Bahkan eks Wakil Bupati Nunukan, Hanafiah, juga sempat dipanggil sebagai saksi, berkaitan dengan statusnya yang pernah mengepalai Koperasi saat awal pendirian.
‘’Kita tidak klasifikasikan apakah dia PNS atau bukan. Yang jelas, mereka yang kita panggil, semua adalah saksi, yang keterangannya dibutuhkan untuk membuka jalan pengungkapan kasus ini,’’ tegasnya.
Untuk penetapan tersangka, kata Agustian, penyidik masih menunggu hasil penghitungan jumlah pasti besaran kerugian Negara, oleh Pejabat Inspektorat Nunukan.
‘’Semua sudah siap untuk gelar perkara penetapan tersangka. Tinggal menunggu hasil penghitungan Inspektorat.

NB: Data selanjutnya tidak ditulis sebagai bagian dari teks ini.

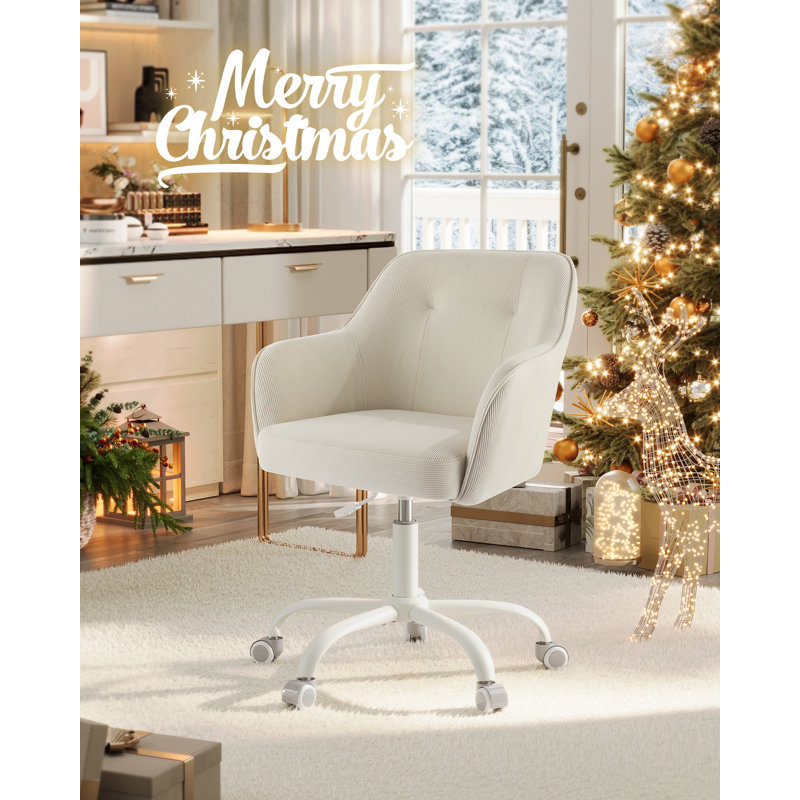 Office Chair, Swivel Desk Chair, Adjustable Height, Armrests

Setelah itu kita terima, kita gelar, lalu umumkan siapa tersangkanya,’’ kata dia.
Sebelumnya diberitakan, Kepolisian Resor Nunukan, Kalimantan Utara, sedang menyelidiki dugaan korupsi di Koperasi Pegawai Negeri Sipil (PNS) Nunukan dengan asumsi kerugian negara mencapai Rp 12,5 miliar.
penyelidikan menghadapi kendala karena dugaan korupsi ini, terjadi sejak 2005.
Berdasarkan penelusuran, Koperasi PNS “Sejahtera” berdiri di Jalan RA Kartini, RT 07 Nunukan Tengah, dengan akta pendirian Nomor 180/BH/KDK.17.3/I/2001.
Koperasi ini didirikan untuk memudahkan PNS dalam layanan simpan pinjam.
Awalnya, koperasi meminjam modal dari perbankan dan memperluas usaha ke kredit kendaraan bermotor.
Kesuksesan awal ini kemudian mendorong koperasi untuk kembali meminjam dana (penyertaan modal), guna menyediakan fasilitas cicilan rumah.
Namun, dugaan penyelewengan muncul terkait penggunaan uang yang berasal dari kontribusi anggota koperasi.